[Start of Attachment]
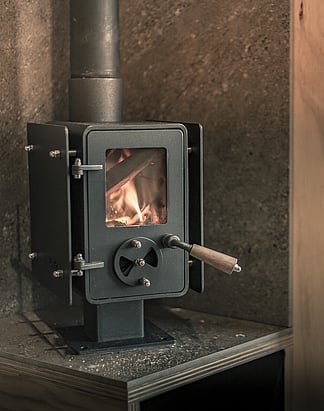 Wood burner fire | Boutique accommodation |  Northland accommodation | Tucked in an olive grove, relax in a hammock outdoors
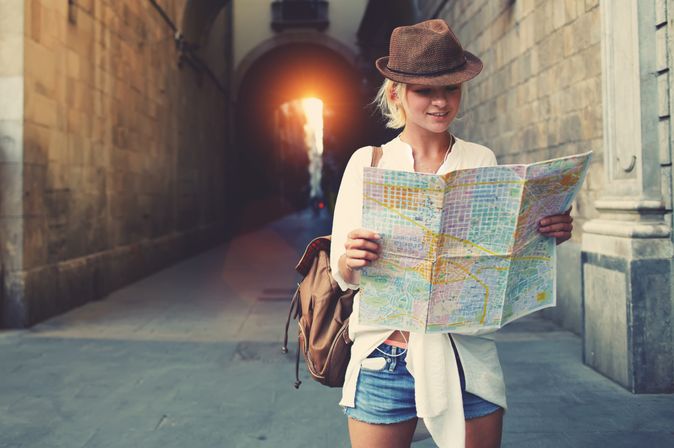 Eine Frau mit einer braunen Mütze und einem Rucksack schaut interessiert auf eine Stadtkarte.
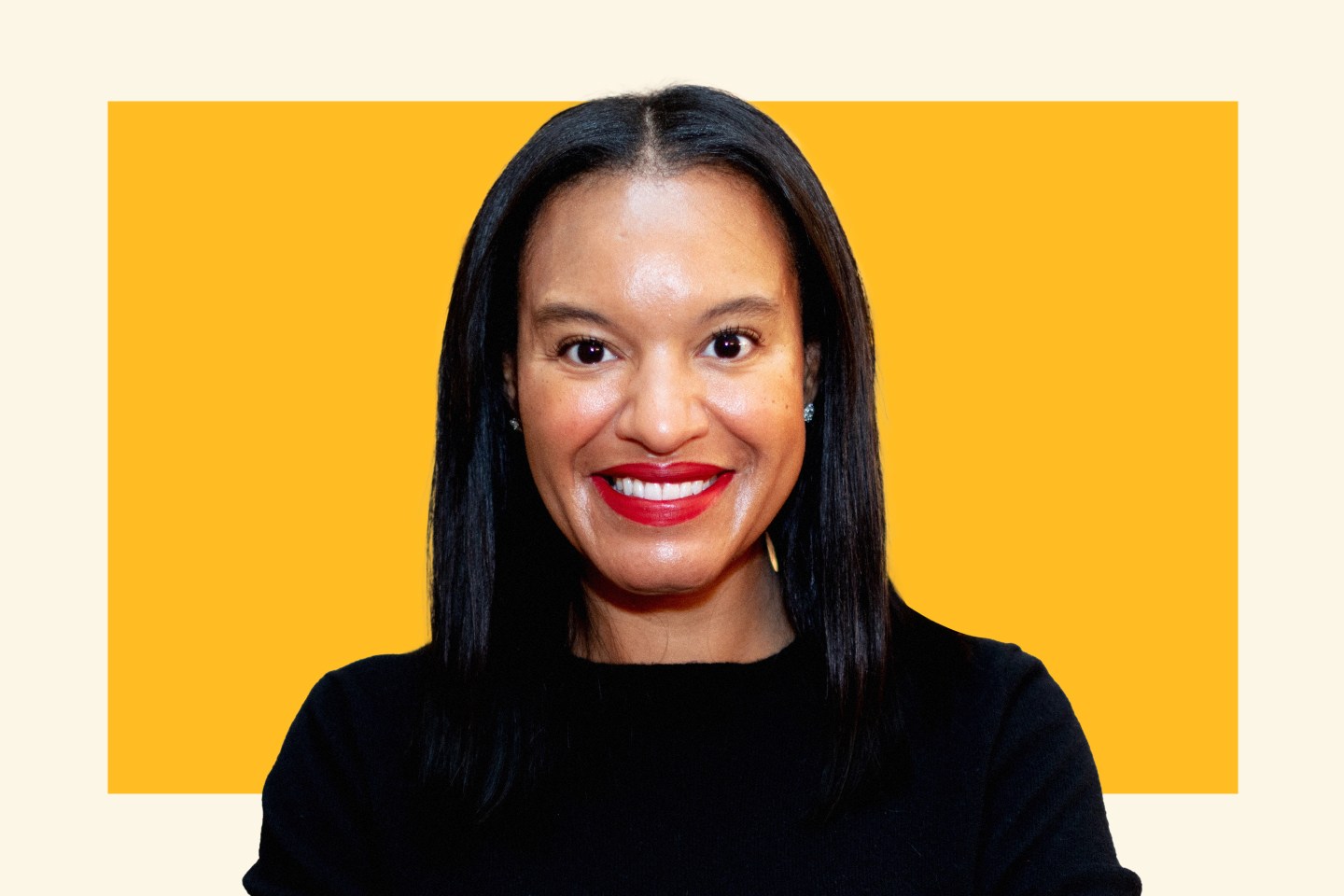 Portrait of e.l.f. Beauty CFO Mandy Fields smiling on an orange background.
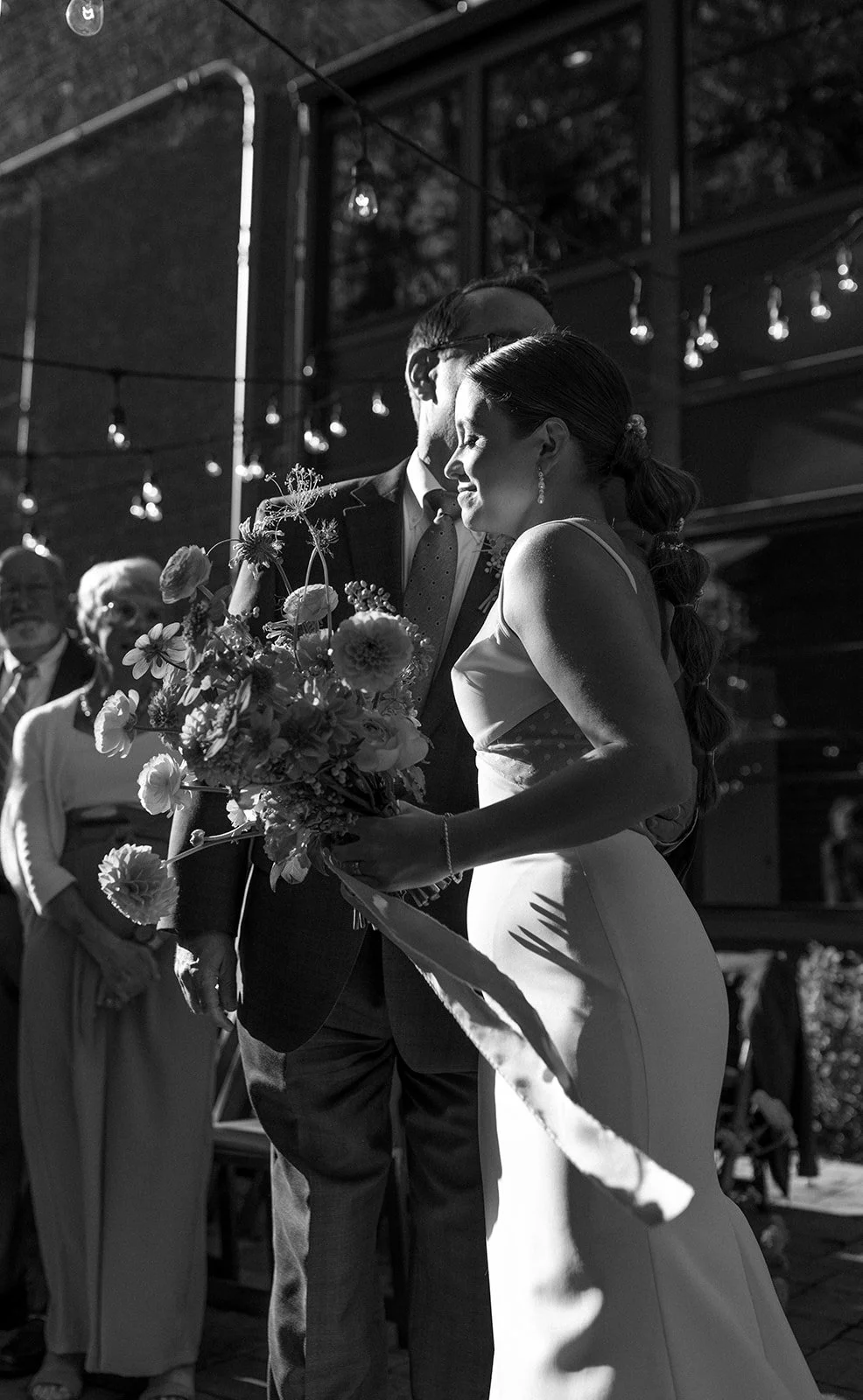 A black and white photo of a bride and groom sharing a moment during their wedding ceremony, standing close with the bride holding a bouquet of flowers, surrounded by guests under string lights.
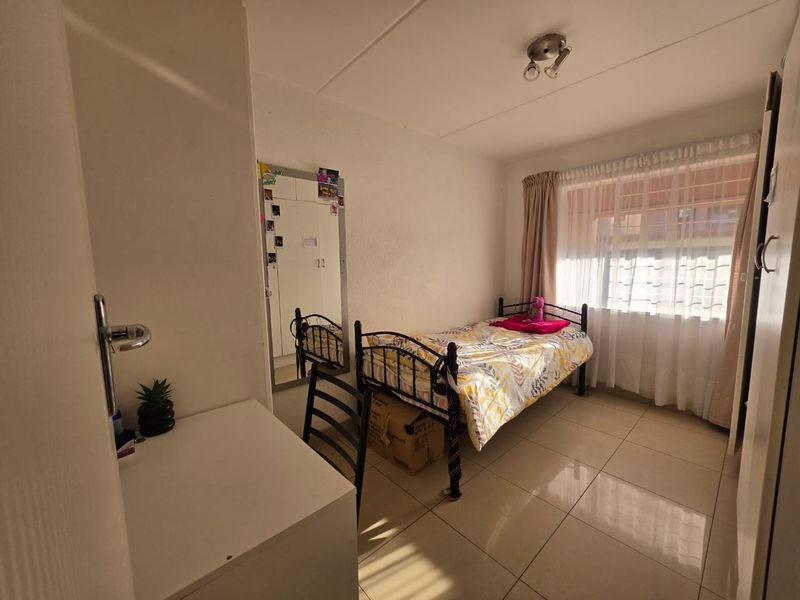 A functional bedroom featuring tiled flooring, a built-in wardrobe with a mirrored door, and natural light through a window with curtain tracks.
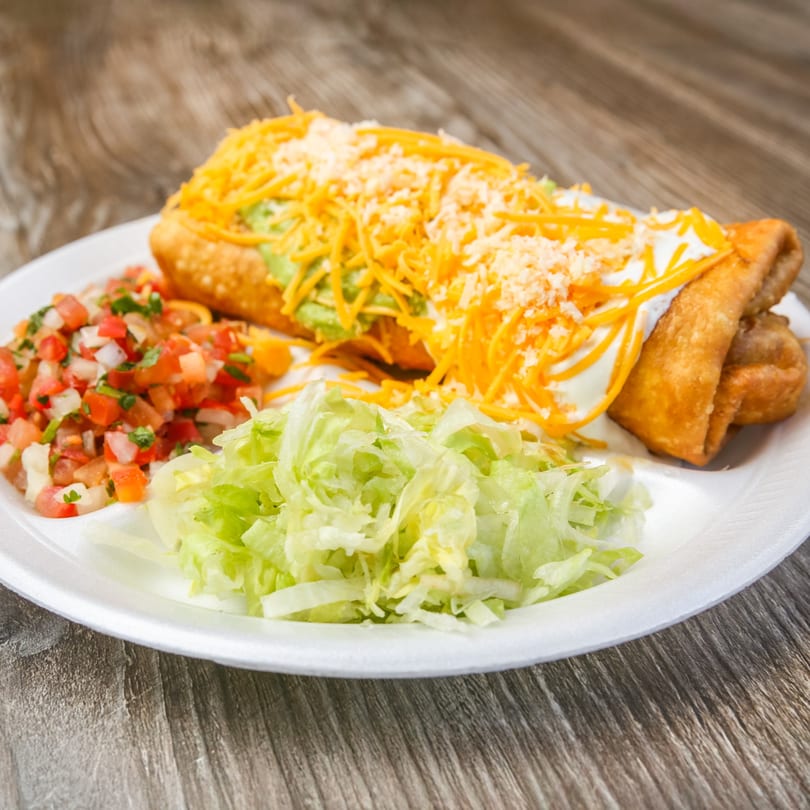 A deep-fried burrito topped with cheese, sour cream, and guacamole, served with pico de gallo and lettuce.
[End of Attachment]
#### [Work to be completed]
Repeat the full set of records exactly, and output no pictures.

#### [Solution to this exercise]
 Wood burner fire | Boutique accommodation |  Northland accommodation | Tucked in an olive grove, relax in a hammock outdoors
 Eine Frau mit einer braunen Mütze und einem Rucksack schaut interessiert auf eine Stadtkarte.
 Portrait of e.l.f. Beauty CFO Mandy Fields smiling on an orange background.
 A black and white photo of a bride and groom sharing a moment during their wedding ceremony, standing close with the bride holding a bouquet of flowers, surrounded by guests under string lights.
 A functional bedroom featuring tiled flooring, a built-in wardrobe with a mirrored door, and natural light through a window with curtain tracks.
 A deep-fried burrito topped with cheese, sour cream, and guacamole, served with pico de gallo and lettuce.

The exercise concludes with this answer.